● Records to use
☆ ☆ ☆ ☆ ☆ ☆ ☆

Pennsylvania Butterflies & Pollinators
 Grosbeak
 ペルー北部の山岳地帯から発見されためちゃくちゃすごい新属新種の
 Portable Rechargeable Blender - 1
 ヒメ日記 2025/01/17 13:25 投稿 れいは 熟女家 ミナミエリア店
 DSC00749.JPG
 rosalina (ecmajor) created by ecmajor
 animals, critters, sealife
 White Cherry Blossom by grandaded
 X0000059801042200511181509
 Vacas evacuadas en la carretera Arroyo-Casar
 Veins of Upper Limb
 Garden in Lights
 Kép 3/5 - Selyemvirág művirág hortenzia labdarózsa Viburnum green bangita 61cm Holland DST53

☆ ☆ ☆ ☆ ☆ ☆ ☆

● The problem
From the entries above, restate word for word the lines from the line containing "Portable Rechargeable Blender - 1" to the line containing "Veins of Upper Limb", both ends included, and nothing more.

● Result for this exercise
 Portable Rechargeable Blender - 1
 ヒメ日記 2025/01/17 13:25 投稿 れいは 熟女家 ミナミエリア店
 DSC00749.JPG
 rosalina (ecmajor) created by ecmajor
 animals, critters, sealife
 White Cherry Blossom by grandaded
 X0000059801042200511181509
 Vacas evacuadas en la carretera Arroyo-Casar
 Veins of Upper Limb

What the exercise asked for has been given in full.